Think of it like a shop. The building itself (walls, electricity, AC, water) is the infrastructure. The work happening inside (cashier processing payments, stock being tracked) is the application. Both can have problems. Both need to be watched.
"Is the building healthy?"
"Is the work inside running fine?"
If the alert is infra-related (high CPU, disk full), you check the server, restart services, or clear space. If it's app-related (high error rate, slow API), you dig into the application logs, check the code config, or look at recent deployments. The starting point is different for each.
A very common mistake for new engineers is treating all alerts the same.
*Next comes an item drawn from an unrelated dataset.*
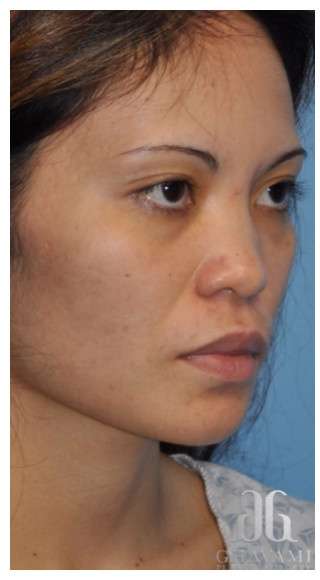Ethnic Rhinoplasty Before & After Patient #6889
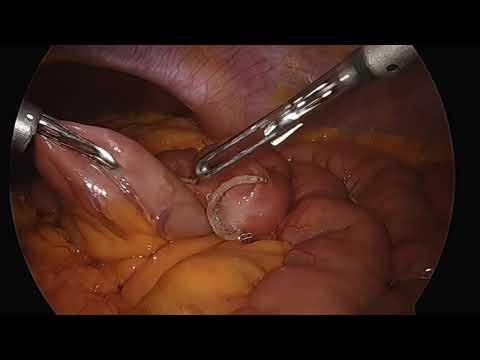 Total Laparoscopic Choledochal cyst excision & Roux-en-Y hepaticojejunostomy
They're not. Always ask first: is this an infra problem or an app problem?
Looking at the dashboard above — disk space is critical at 96%. Your first action: log into the server, find what's eating disk space (usually old log files), clean it up or archive it. Don't wait — at 100% the server will crash and stop writing any new data.
The transaction error rate warning at 4.2% also needs attention. This is an app-level alert. You'd check the application logs to see what type of transactions are failing and why.
1. Is this Infra or App? 2. What severity is it — OK, Info, Warning, or Critical?
This is exactly what you'll do every morning when you open your monitoring tool. Here's a full classification exercise:
| Alert Message | Type | Severity | What You Should Do |
|---|---|---|---|
| Server CPU at 97% for last 10 minutes | Infra | Critical | Create P1 ticket. Check what process is eating CPU. Restart if needed. |
| Payment API returning 500 errors — 80% failure rate | App | Critical | Drop everything. Check app logs. Likely a P1 — alert the team immediately. |
| Disk usage reached 82% on DB server | Infra | Warning | Schedule log cleanup. Monitor closely. Will become critical at 90%+. |
| Login failures increased by 30% in last hour | App | Warning | Check if it's a specific user, IP, or region. Could be fraud attempt or an auth bug. |
| Nightly backup completed successfully | Infra | Info | Just log it. No action needed. Good news. |
| API response time: 210ms (normal is under 500ms) | App | OK | All good. No action needed. System is healthy. |
| Database server not responding — connection refused | Infra | Critical | P1 immediately. Every app that uses this DB is now broken. Wake up the team. |
| Transaction queue length growing — 500 jobs waiting | App | Warning | Check if the queue processor is running. If stuck, restart the worker service. |
| New deployment pushed to PROD at 3:00 PM | App | Info | Watch closely for 30 minutes post-deploy. Any new alerts after this = likely the deployment caused it. |
| RAM usage dropped back to 45% after restart | Infra | OK / Resolved | Previous warning is cleared. Update the Jira ticket. Inform client if they were affected. |
At 7 AM you get a CRITICAL alert: "DB server not responding." No client has called yet. You open a P1 ticket immediately, start investigating, and send an early heads-up to the client — "We detected an issue and are already working on it." This is proactive support and clients love it.
You get a WARNING: disk at 83%. You think "it's not critical yet, I'll handle it later." Two hours later it hits 100% and the server crashes. Warnings are your chance to prevent the fire. Always act on warnings before they become critical.
A CRITICAL alert fires right after a deployment. First question to ask: "Was anything deployed recently?" If yes, the deployment is your prime suspect. You check what changed and whether rolling it back fixes the issue.
You get 20 alerts at once — CPU, memory, API errors, login failures all firing together. Don't panic. Usually one root cause triggers everything else. Start with the infra alerts first — if the server is overloaded, that's probably causing all the app-level alerts too.